ITEM  9A. CONTROLS AND PROCEDURES

 

Conclusion Regarding the Effectiveness of Disclosure Controls and Procedures

 

K2 maintains disclosure controls and procedures (as defined in Rules 13a-15(e) and 15d-15(e) under the Securities Exchange Act of 1934, as amended (the “Exchange Act”)).

 

As required by rules 13a-15(b) and 15d-15(b) of the Exchange Act, an evaluation was carried out under the supervision and with the participation of K2’s management, including K2’s Chief Executive Officer (K2’s principal executive officer), Chief Financial Officer (K2’s principal financial officer) and Chief Operating Officer, of the effectiveness of the design and operation of K2’s disclosure controls and procedures as of the end of the period covered by this report (the “Evaluation Date”). Based upon that evaluation, the Chief Executive Officer, Chief Financial Officer and Chief Operating Officer have concluded that K2’s disclosure controls and procedures were effective at the reasonable assurance level as of the Evaluation Date.

 

Changes in Internal Control Over Financial Reporting

 

In addition, based on the evaluation required by Rules 13a-15(d) and 15d-15(d) of the Exchange Act, there have been no changes to K2’s internal control over financial reporting (as defined in Rules 13a-15(f) and 15d-15(f) under the Exchange Act) during the last fiscal quarter, that has materially affected, or are reasonably likely to materially affect, K2’s internal control over financial reporting.

 

Management’s Report on Internal Control Over Financial Reporting

 

Management of K2 is responsible for establishing and maintaining adequate internal control over financial reporting, as such term is defined in Exchange Act Rules 13a-15(f) and 15d-15(f) of the Exchange Act. Internal control over financial reporting is a process designed to provide reasonable assurance regarding the reliability of financial reporting and the preparation of financial statements for external purposes in accordance with generally accepted accounting principles.
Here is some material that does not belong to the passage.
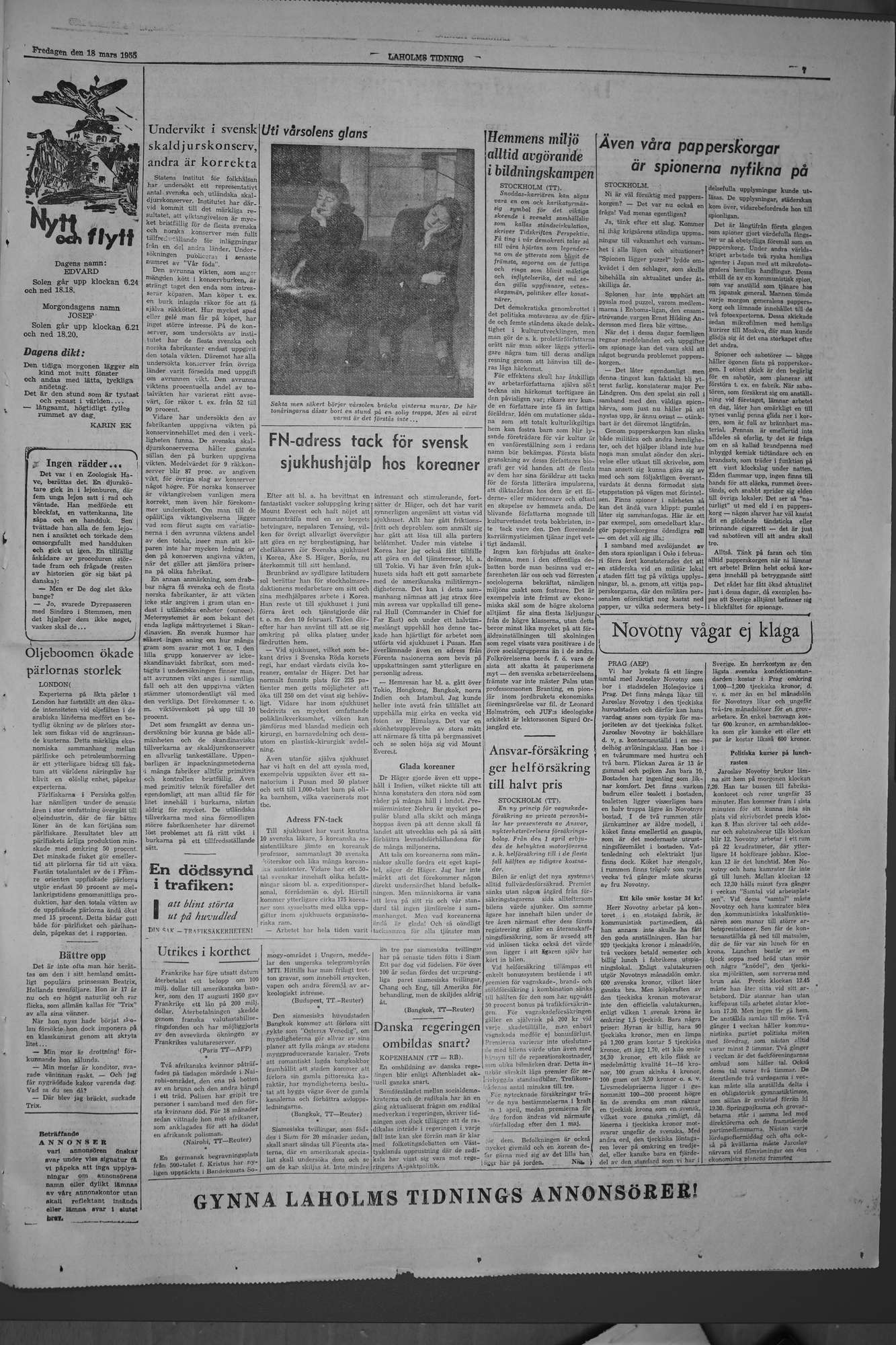 Laholms Tidning Fredag 18 mars 1955, sida 7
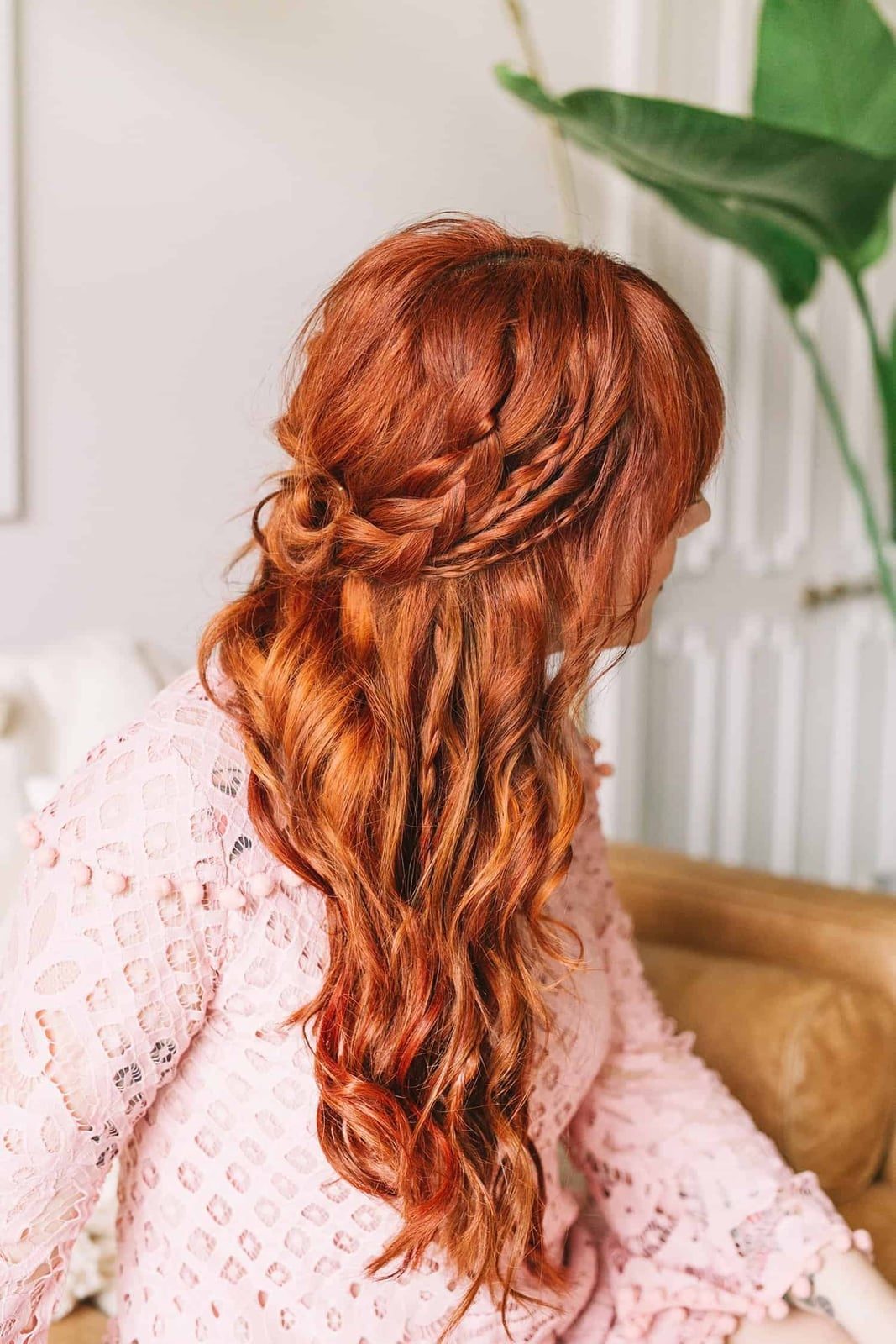 Mid-Back Wavy Red Half-Up With Crown Braid — Simple Boho Braids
Internal control over financial reporting includes those policies and procedures that (1) pertain to the maintenance of records that, in reasonable detail, accurately and fairly reflect the transactions and dispositions of our assets; (2) provide reasonable assurance that transactions are recorded as necessary to permit preparation of financial statements in accordance with generally accepted accounting principles, and that our receipts and expenditures are being made only in accordance with authorizations of our management and directors; and (3) provide reasonable assurance regarding prevention or timely detection of unauthorized acquisition, use, or disposition of our assets that could have a material effect on the financial statements.

 

K2, under the supervision of and with the participation of management, including the Chief Executive Officer, Chief Financial Officer and Chief Operating Officer, assessed the Company’s internal control over financial reporting as of December 31, 2005, based on criteria for effective internal control over financial reporting described in “Internal Control—Integrated Framework” issued by the Committee of Sponsoring Organizations of the Treadway Commission. Based on this assessment, the Chief Executive Officer, Chief Financial Officer and Chief Operating Officer concluded that the Company maintained effective internal control over financial reporting as of December 31, 2005, based on the specified criteria.

 

Ernst & Young LLP, the independent registered public accounting firm that audited the financial statements included in this Annual Report on Form 10-K has issued an attestation report on management’s assessment of the effectiveness of K2’s internal control over financial reporting as of December 31, 2005, and such report is included under Item 8, “Financial Statements and Supplementary Data” above.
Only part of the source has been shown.